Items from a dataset
Start of Block
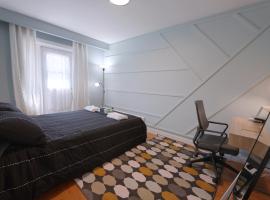Musician's Retreat Near Toronto Subway, habitación en casa particular en Toronto
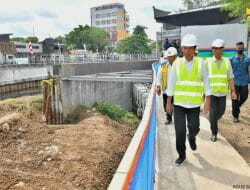 Target April 2023 Rampung, Menteri Basuki Dampingi Presiden Jokowi Tinjau Pengeboran Akhir Sodetan Ciliwung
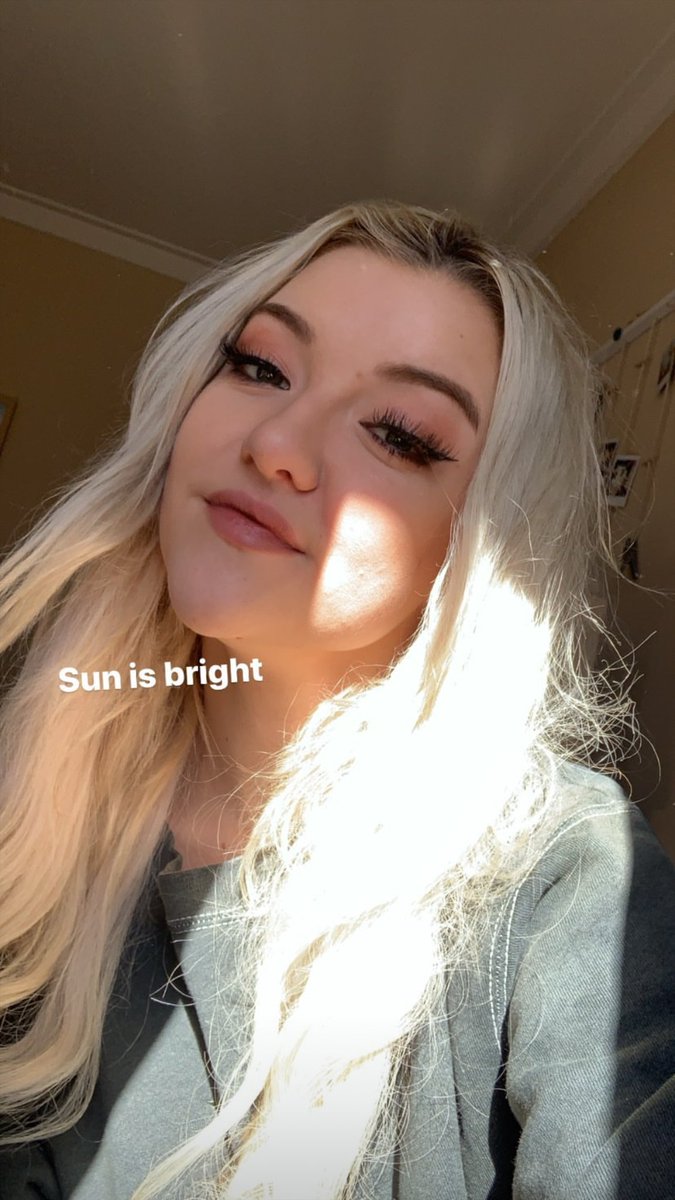 modelamy1's tweet image. 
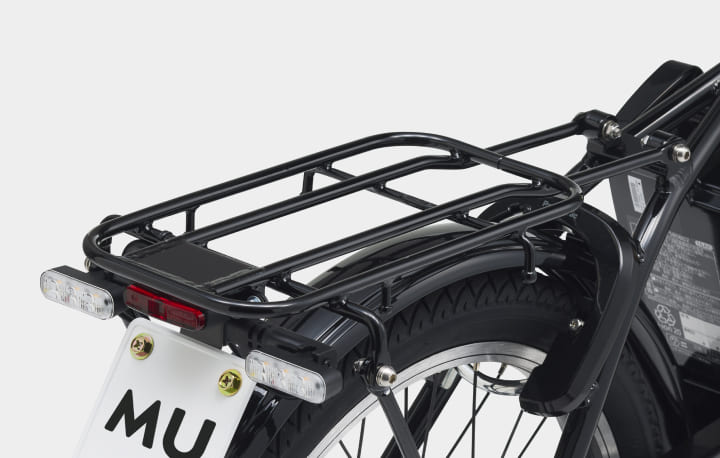 手軽な施錠が可能な大型のサークル錠と最大積載量10kgまでのリヤキャリア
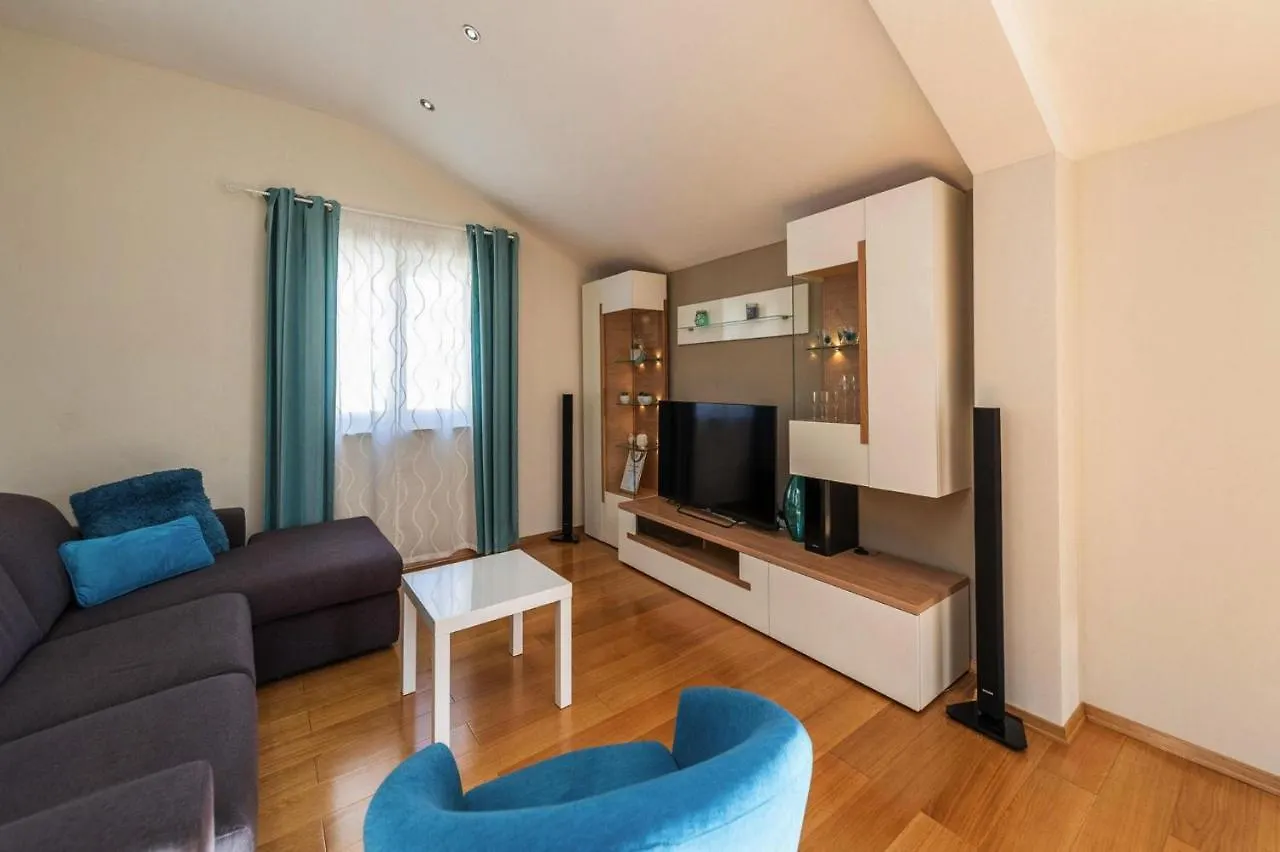 Holiday Home In Petrcane Croatia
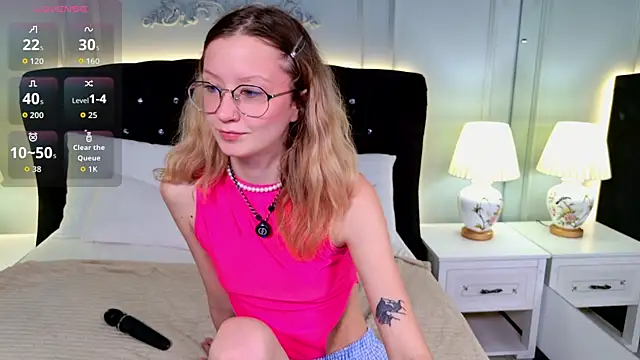 Snapshot of AmelieViolet chatting on 06-07-26, 03:43 AmelieViolet online show from 06-07-26, 03:43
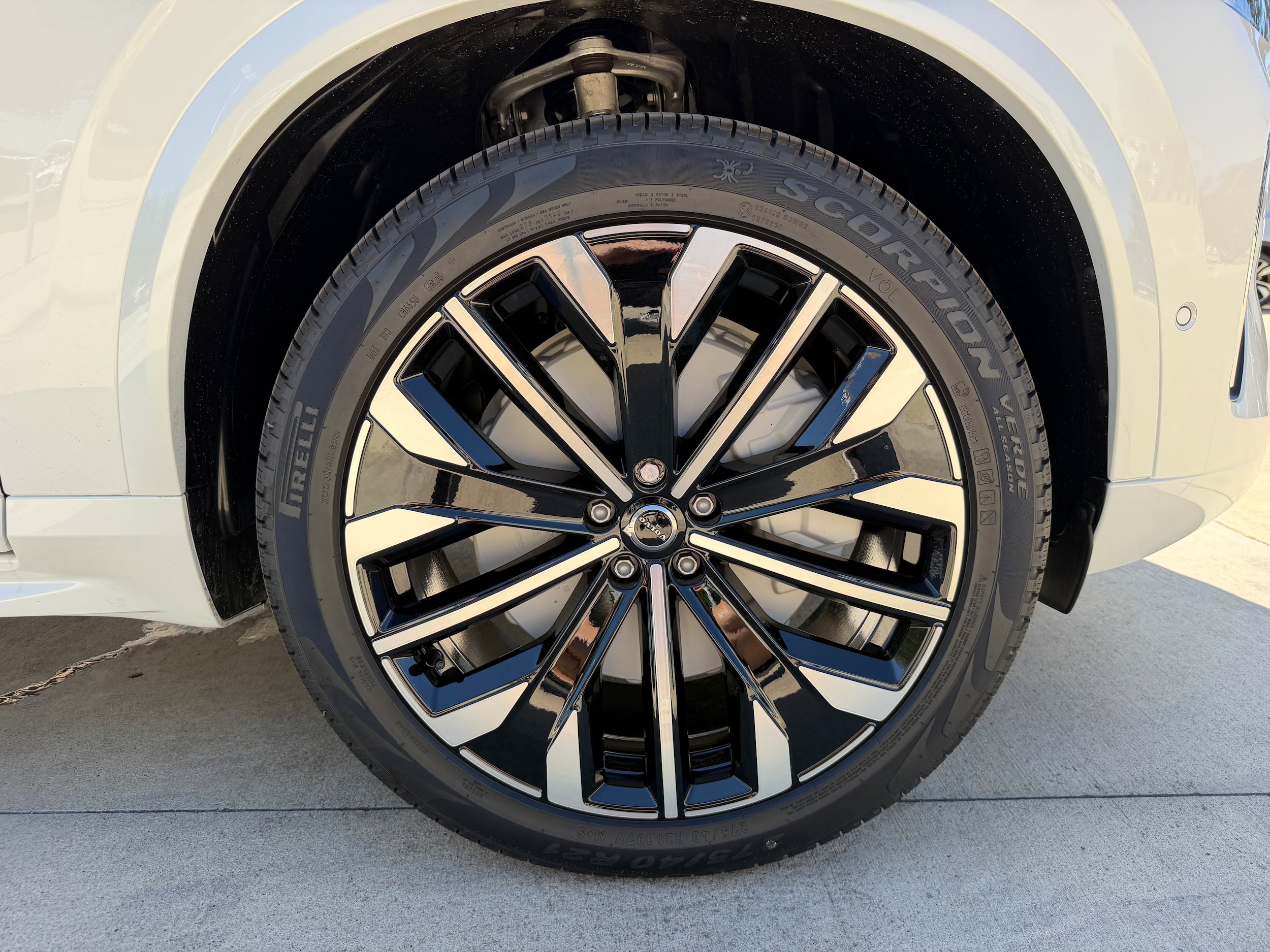 New 2026 Volvo XC90 T8 Plus w/ Protection Package Premier AWD/4WD image 7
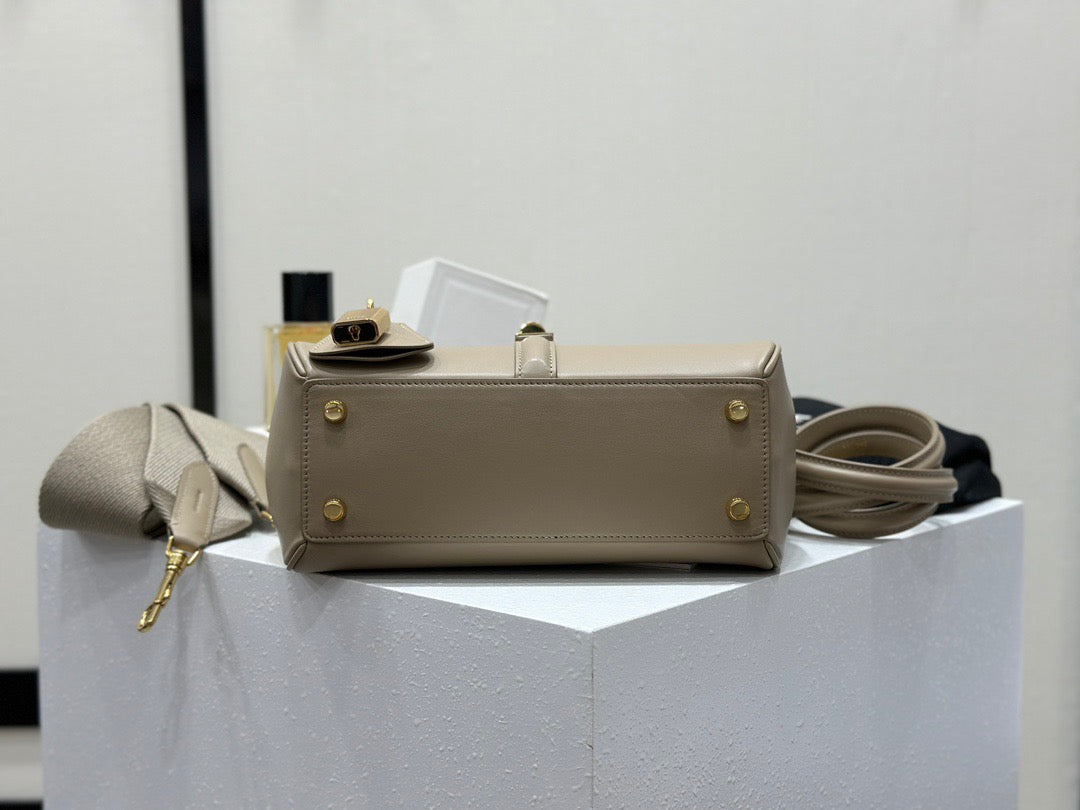 CEL 16백 스몰
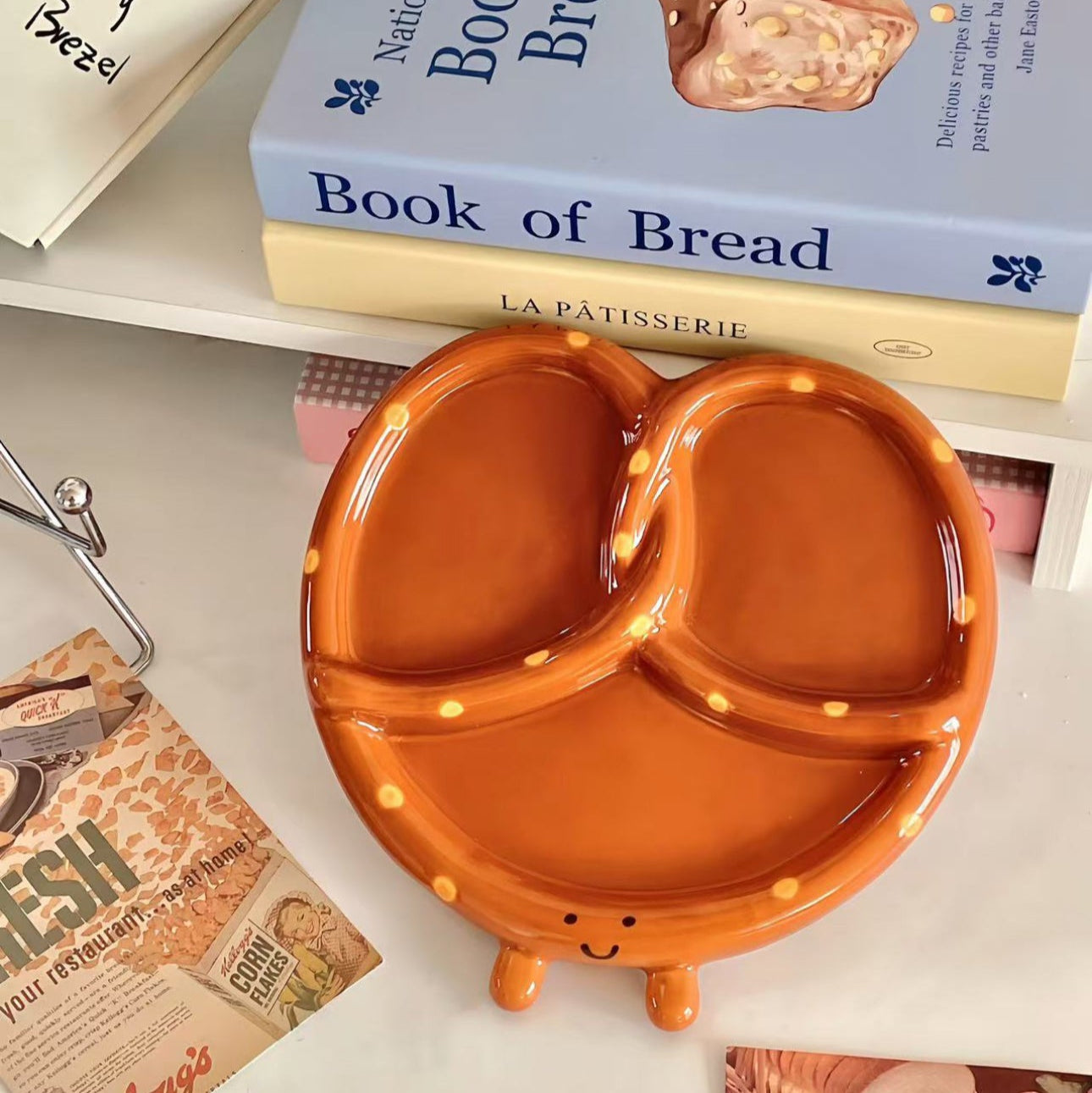 Smiling Pretzel-Style Divided Plate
End of Block
What you will do — Output the data above exactly, beginning at its first line and ending with the line that holds "Holiday Home In Petrcane Croatia". Leave out the pictures and add nothing.

Completed task —
Musician's Retreat Near Toronto Subway, habitación en casa particular en Toronto
 Target April 2023 Rampung, Menteri Basuki Dampingi Presiden Jokowi Tinjau Pengeboran Akhir Sodetan Ciliwung
 modelamy1's tweet image. 
 手軽な施錠が可能な大型のサークル錠と最大積載量10kgまでのリヤキャリア
 Holiday Home In Petrcane Croatia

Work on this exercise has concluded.